3. High extracellular [Ca2+]. Acting in two ways, elevated [Ca2+]o increases [Ca2+]i and thereby enhances contractility. First, it decreases the exchange of external Na+ for internal Ca2+. Second, more Ca2+ enters the myocardial cell through L-type Ca2+ channels during the action potential.

4. Low extracellular [Na+]. Reducing the Na+ gradient decreases Ca2+ extrusion through NCX1, raising [Ca2+]i and enhancing contractility.

5. Increased heart rate. As we noted in introducing the staircase phenomenon (see p. 528), an increased heart rate increases SR stores of Ca2+ and also increases Ca2+ influx during the action potential.

Negative Inotropic Agents

Factors that decrease myocardial contractility all decrease [Ca2+]i.

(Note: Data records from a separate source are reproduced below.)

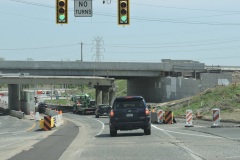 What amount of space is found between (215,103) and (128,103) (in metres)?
28.1

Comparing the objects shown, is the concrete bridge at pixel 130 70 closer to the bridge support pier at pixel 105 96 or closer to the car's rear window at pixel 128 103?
the bridge support pier at pixel 105 96

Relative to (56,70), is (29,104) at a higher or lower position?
lower

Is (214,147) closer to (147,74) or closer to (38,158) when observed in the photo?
(38,158)

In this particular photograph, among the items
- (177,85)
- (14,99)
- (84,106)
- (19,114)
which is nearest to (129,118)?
(19,114)

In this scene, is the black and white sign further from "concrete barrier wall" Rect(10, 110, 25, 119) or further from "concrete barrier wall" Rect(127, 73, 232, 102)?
"concrete barrier wall" Rect(127, 73, 232, 102)

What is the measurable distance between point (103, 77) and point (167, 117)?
5096 cm

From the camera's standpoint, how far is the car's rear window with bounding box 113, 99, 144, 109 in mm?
25062

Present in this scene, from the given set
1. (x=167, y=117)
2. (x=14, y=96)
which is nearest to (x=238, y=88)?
(x=167, y=117)

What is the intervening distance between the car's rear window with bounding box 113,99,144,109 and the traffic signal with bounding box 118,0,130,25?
388 cm

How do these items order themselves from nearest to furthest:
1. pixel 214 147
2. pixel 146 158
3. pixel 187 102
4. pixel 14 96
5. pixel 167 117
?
pixel 146 158, pixel 214 147, pixel 167 117, pixel 187 102, pixel 14 96

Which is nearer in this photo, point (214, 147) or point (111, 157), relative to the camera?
point (111, 157)

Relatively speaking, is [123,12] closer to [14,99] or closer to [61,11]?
[61,11]

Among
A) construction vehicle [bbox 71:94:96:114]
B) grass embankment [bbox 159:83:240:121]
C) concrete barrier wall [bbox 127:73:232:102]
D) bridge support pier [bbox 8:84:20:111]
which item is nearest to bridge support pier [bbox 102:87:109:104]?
construction vehicle [bbox 71:94:96:114]

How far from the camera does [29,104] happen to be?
88.7 m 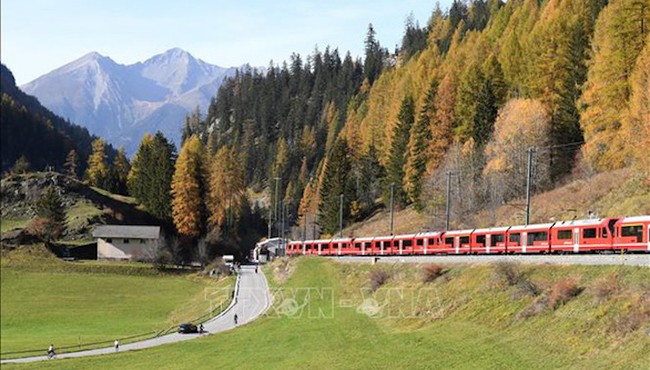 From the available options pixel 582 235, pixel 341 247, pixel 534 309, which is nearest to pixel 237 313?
pixel 341 247

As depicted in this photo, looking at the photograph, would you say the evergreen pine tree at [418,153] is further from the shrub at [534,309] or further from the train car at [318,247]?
the shrub at [534,309]

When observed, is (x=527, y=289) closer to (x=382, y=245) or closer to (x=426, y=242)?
(x=426, y=242)

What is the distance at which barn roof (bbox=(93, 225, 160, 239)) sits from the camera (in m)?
95.0

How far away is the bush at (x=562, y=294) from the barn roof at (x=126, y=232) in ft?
245

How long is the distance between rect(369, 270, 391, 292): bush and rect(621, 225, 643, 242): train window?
18.7 metres

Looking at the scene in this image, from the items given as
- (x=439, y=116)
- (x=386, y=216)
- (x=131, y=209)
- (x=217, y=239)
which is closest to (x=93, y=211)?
(x=131, y=209)

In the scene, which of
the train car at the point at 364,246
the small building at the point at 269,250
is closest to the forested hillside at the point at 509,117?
the small building at the point at 269,250

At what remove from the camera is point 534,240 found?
43.9 metres

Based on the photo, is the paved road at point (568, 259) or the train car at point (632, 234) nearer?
the paved road at point (568, 259)

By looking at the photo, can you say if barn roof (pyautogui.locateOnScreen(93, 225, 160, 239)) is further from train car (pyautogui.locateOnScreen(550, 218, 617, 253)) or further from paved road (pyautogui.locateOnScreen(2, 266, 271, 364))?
train car (pyautogui.locateOnScreen(550, 218, 617, 253))

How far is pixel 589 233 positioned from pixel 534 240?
587cm

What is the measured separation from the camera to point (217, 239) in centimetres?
11212

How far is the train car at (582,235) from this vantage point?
36875mm

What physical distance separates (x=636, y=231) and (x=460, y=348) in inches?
529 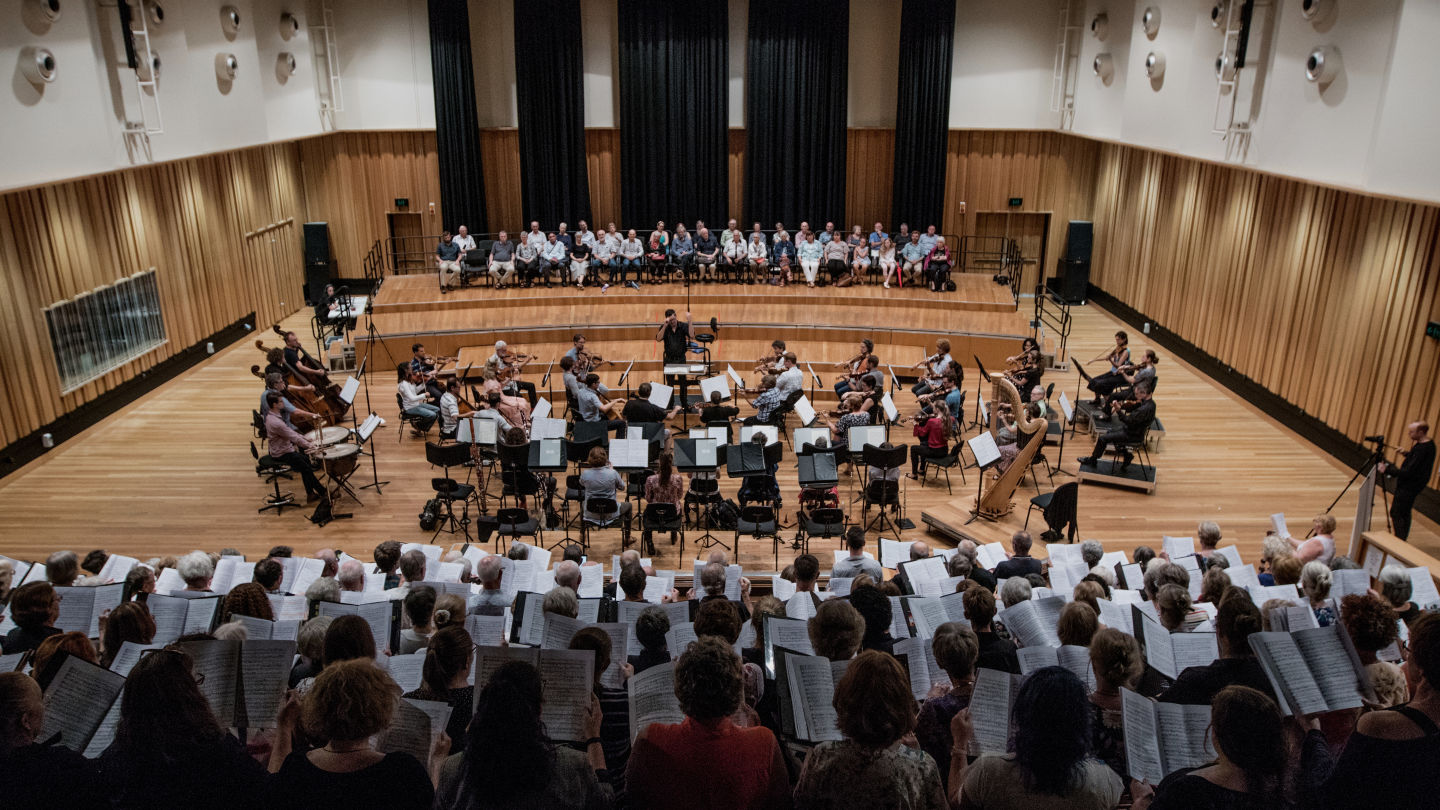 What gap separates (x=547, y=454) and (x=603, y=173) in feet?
33.1

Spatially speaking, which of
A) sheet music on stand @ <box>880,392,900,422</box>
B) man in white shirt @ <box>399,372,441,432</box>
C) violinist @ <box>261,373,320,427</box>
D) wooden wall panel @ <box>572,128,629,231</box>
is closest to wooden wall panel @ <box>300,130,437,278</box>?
wooden wall panel @ <box>572,128,629,231</box>

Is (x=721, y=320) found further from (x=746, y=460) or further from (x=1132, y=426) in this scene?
(x=1132, y=426)

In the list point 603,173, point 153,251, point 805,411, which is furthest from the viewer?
point 603,173

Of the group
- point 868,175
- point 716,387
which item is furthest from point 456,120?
point 716,387

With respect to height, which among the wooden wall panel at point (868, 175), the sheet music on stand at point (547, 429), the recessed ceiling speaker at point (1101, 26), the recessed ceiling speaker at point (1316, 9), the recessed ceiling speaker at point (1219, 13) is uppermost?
the recessed ceiling speaker at point (1101, 26)

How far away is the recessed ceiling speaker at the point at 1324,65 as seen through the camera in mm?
9320

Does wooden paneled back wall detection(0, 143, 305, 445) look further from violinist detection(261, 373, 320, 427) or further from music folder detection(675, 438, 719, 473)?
music folder detection(675, 438, 719, 473)

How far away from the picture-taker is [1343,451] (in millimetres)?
10320

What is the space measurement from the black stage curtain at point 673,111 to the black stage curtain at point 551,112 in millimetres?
770

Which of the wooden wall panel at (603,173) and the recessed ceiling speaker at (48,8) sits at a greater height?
the recessed ceiling speaker at (48,8)

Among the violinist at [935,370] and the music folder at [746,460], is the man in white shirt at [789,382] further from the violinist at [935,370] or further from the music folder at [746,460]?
the music folder at [746,460]

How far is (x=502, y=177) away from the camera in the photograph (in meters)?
Result: 17.2

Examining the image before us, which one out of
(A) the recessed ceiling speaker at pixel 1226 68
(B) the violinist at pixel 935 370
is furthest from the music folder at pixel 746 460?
(A) the recessed ceiling speaker at pixel 1226 68

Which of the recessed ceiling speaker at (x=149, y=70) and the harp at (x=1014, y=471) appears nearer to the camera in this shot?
the harp at (x=1014, y=471) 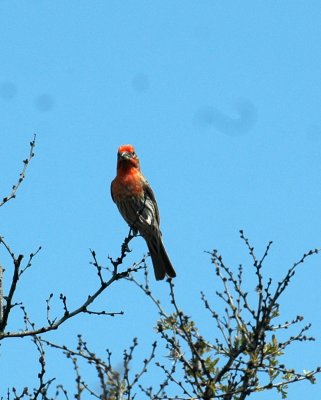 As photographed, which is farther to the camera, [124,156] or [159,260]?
[124,156]

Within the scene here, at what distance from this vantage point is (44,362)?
7.81 m

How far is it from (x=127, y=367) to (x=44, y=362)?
3.01 feet

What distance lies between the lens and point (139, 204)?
→ 12.5m

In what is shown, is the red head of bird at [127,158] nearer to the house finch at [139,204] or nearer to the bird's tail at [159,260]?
the house finch at [139,204]

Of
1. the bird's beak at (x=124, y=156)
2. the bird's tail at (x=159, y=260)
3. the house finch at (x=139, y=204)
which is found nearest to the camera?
the house finch at (x=139, y=204)

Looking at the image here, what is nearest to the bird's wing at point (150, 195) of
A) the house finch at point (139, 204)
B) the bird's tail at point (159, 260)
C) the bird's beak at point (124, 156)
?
the house finch at point (139, 204)

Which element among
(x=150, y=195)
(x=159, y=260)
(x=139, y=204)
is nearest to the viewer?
(x=139, y=204)

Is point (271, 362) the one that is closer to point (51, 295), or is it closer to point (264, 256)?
point (264, 256)

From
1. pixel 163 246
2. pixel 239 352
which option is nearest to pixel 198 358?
pixel 239 352

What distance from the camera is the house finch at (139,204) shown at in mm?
12445

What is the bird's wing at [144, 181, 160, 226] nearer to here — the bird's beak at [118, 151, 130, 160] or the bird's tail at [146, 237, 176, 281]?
the bird's tail at [146, 237, 176, 281]

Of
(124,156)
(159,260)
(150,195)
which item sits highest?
(124,156)

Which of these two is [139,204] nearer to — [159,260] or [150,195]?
[150,195]

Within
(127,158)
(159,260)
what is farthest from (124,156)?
(159,260) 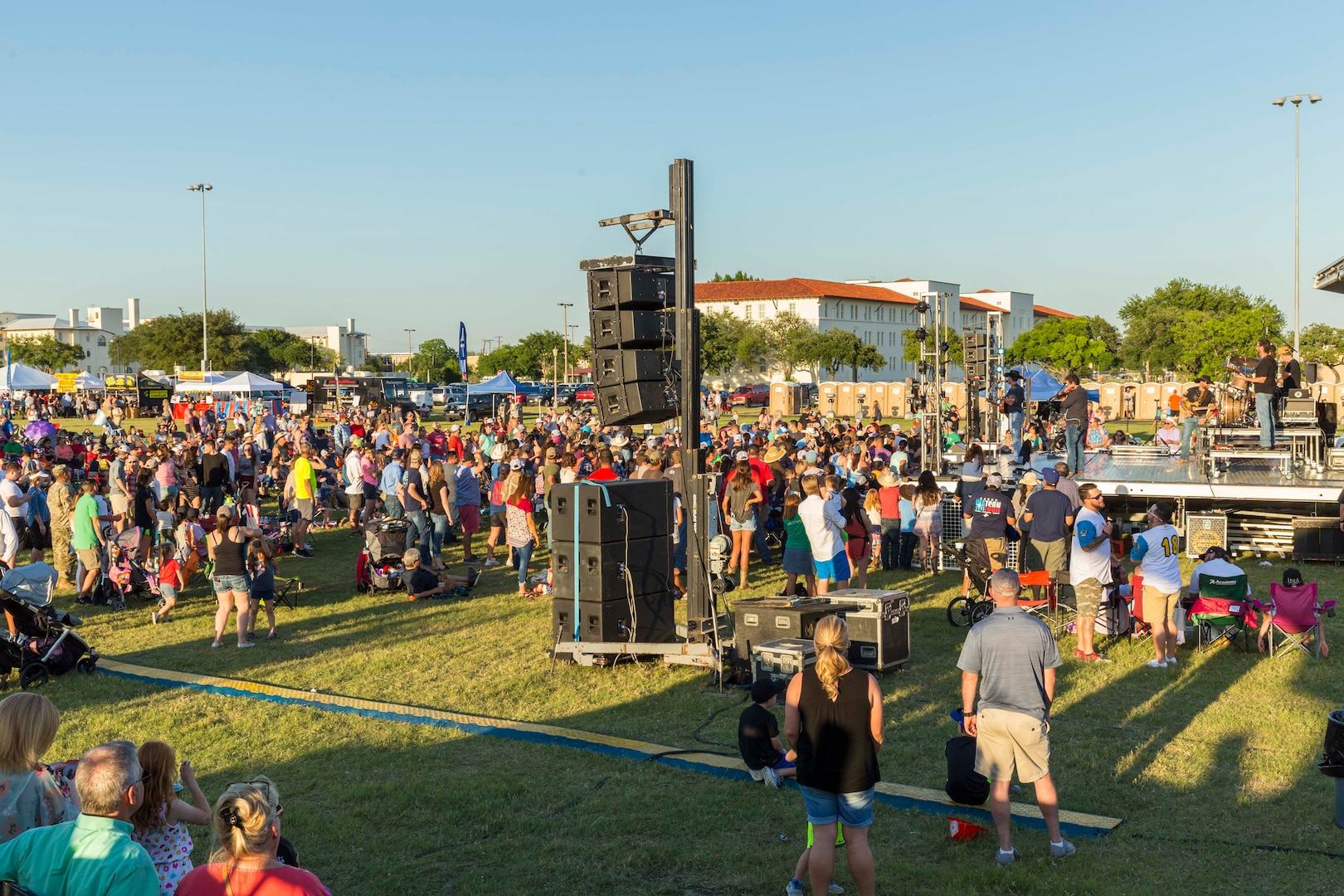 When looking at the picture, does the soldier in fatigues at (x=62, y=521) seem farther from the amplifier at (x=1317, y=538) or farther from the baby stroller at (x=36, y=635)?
the amplifier at (x=1317, y=538)

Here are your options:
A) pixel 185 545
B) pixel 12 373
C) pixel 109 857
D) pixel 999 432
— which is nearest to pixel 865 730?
pixel 109 857

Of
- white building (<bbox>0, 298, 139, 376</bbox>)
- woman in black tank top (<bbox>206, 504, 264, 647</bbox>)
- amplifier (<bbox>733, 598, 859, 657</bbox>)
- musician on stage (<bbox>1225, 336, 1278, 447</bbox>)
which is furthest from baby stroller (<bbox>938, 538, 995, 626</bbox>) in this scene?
white building (<bbox>0, 298, 139, 376</bbox>)

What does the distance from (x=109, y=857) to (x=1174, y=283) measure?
310 ft

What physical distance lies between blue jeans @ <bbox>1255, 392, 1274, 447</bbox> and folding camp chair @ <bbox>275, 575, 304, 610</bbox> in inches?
572

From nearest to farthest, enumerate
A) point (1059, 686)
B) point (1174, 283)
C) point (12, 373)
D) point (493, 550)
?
point (1059, 686)
point (493, 550)
point (12, 373)
point (1174, 283)

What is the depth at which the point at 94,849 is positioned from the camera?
3504 millimetres

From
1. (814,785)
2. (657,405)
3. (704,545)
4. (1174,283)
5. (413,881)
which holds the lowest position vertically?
(413,881)

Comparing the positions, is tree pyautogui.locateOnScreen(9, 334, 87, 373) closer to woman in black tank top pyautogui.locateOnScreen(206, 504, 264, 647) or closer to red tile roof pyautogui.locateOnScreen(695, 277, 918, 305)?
red tile roof pyautogui.locateOnScreen(695, 277, 918, 305)

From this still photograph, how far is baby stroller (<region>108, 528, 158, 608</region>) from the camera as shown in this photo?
13.0 metres

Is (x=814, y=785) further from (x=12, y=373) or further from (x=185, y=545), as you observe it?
(x=12, y=373)

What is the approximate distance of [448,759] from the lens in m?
7.37

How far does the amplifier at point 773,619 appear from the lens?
886 cm

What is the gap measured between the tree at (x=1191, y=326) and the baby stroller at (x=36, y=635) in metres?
55.6

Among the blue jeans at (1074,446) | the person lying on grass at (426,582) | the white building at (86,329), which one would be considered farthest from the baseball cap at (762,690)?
the white building at (86,329) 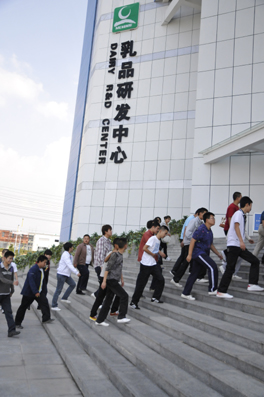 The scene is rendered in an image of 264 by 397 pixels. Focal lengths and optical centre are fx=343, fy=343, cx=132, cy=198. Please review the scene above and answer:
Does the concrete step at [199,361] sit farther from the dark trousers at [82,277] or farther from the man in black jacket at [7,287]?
the dark trousers at [82,277]

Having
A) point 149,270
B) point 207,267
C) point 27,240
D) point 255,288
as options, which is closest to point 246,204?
point 207,267

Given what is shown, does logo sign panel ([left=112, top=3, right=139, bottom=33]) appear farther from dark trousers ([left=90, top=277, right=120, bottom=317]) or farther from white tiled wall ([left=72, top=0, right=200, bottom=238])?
dark trousers ([left=90, top=277, right=120, bottom=317])

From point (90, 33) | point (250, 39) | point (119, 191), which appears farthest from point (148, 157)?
point (90, 33)

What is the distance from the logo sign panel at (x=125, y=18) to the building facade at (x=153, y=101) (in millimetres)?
69

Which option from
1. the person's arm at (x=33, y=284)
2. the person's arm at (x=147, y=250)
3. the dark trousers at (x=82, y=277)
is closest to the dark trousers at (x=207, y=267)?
the person's arm at (x=147, y=250)

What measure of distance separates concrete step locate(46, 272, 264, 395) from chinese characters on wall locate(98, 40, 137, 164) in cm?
1688

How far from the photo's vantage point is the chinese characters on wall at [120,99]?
21.7 metres

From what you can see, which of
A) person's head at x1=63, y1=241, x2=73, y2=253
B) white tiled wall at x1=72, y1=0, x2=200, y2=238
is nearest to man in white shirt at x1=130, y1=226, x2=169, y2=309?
person's head at x1=63, y1=241, x2=73, y2=253

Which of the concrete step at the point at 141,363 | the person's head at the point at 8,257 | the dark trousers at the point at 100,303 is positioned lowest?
the concrete step at the point at 141,363

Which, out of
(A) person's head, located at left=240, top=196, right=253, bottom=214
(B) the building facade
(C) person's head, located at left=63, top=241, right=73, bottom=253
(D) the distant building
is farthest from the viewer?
(D) the distant building

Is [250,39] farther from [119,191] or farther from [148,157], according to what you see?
[119,191]

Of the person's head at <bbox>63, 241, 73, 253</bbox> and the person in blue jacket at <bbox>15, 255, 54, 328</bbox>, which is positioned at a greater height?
the person's head at <bbox>63, 241, 73, 253</bbox>

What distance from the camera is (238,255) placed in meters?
5.99

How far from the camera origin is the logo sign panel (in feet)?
74.8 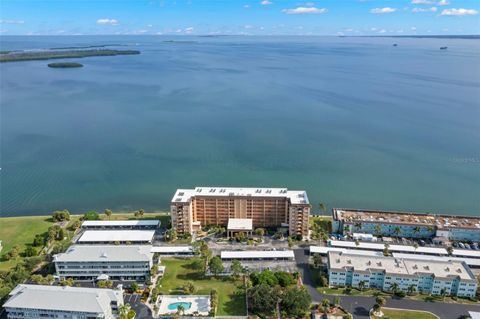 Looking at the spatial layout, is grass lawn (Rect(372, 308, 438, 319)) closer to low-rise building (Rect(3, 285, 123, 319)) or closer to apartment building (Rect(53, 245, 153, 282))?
apartment building (Rect(53, 245, 153, 282))

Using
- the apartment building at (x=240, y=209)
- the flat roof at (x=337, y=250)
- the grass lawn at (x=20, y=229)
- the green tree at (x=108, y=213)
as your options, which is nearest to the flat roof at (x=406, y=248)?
the flat roof at (x=337, y=250)

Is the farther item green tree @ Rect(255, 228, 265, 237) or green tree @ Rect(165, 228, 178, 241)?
green tree @ Rect(255, 228, 265, 237)

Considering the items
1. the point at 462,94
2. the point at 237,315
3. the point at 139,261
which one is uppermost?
the point at 462,94

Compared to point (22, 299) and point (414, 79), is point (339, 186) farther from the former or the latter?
point (414, 79)

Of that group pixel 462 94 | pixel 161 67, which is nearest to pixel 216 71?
pixel 161 67

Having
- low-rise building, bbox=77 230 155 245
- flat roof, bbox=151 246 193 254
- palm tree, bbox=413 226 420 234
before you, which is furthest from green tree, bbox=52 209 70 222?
palm tree, bbox=413 226 420 234

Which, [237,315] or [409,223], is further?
[409,223]

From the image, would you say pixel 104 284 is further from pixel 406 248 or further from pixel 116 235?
pixel 406 248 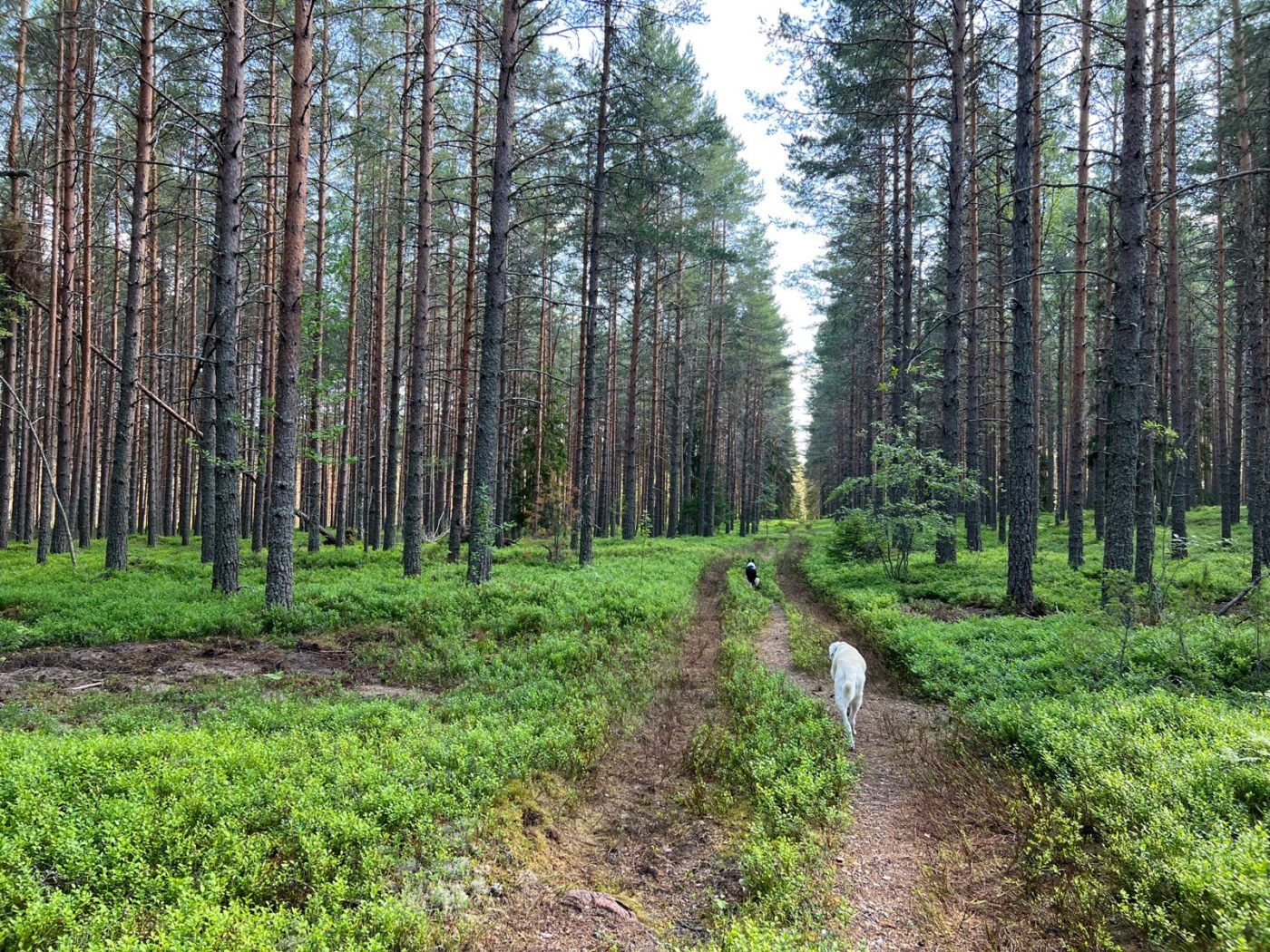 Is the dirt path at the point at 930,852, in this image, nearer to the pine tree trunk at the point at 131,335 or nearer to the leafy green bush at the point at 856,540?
the leafy green bush at the point at 856,540

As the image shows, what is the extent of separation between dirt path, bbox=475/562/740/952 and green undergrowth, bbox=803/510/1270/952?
2.16 metres

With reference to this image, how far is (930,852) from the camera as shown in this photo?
4047 millimetres

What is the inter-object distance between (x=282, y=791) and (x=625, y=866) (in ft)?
7.47

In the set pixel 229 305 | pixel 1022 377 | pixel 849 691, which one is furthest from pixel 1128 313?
pixel 229 305

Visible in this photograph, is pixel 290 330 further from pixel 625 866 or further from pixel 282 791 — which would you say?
pixel 625 866

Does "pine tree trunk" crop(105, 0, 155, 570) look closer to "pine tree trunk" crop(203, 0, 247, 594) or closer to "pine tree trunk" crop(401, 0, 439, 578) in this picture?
"pine tree trunk" crop(203, 0, 247, 594)

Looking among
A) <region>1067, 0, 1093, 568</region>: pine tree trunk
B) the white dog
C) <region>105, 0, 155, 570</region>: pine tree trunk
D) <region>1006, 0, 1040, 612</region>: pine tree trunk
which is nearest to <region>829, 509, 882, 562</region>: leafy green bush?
<region>1067, 0, 1093, 568</region>: pine tree trunk

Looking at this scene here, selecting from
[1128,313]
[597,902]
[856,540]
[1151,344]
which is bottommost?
[597,902]

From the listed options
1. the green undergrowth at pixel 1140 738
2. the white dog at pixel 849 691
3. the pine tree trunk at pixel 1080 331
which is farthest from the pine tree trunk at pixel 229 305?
the pine tree trunk at pixel 1080 331

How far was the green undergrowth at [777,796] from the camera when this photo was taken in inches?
128

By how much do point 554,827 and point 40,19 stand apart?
2304 cm

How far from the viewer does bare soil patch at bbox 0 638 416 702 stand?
6543mm

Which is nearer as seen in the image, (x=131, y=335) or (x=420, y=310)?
(x=131, y=335)

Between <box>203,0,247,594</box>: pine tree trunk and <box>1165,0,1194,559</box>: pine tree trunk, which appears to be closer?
<box>203,0,247,594</box>: pine tree trunk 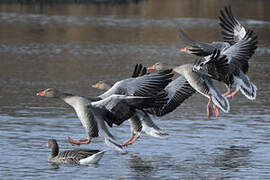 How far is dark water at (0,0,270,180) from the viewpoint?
12648 mm

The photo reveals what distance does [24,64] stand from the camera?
25.7 meters

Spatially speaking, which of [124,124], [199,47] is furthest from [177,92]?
[124,124]

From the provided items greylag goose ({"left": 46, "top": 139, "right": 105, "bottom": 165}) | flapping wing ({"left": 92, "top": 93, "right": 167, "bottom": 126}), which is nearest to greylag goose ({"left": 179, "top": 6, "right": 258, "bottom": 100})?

1. Ca2+-channel blockers. Inhibitors of L-type Ca2+ channels (see pp. 189–192)—such as verapamil, diltiazem, and nifedipine—reduce Ca2+ entry during the plateau of the cardiac action potential. By reducing [Ca2+]i, they decrease contractility.

2. Low extracellular [Ca2+]. Depressed [Ca2+]o lowers [Ca2+]i, both by increasing Ca2+ extrusion through NCX1 and by reducing Ca2+ entry through L-type Ca2+ channels during the plateau of the cardiac action potential.

3. High extracellular [Na+]. Elevated [Na+]o increases Ca2+ extrusion through NCX1, thereby decreasing [Ca2+]i.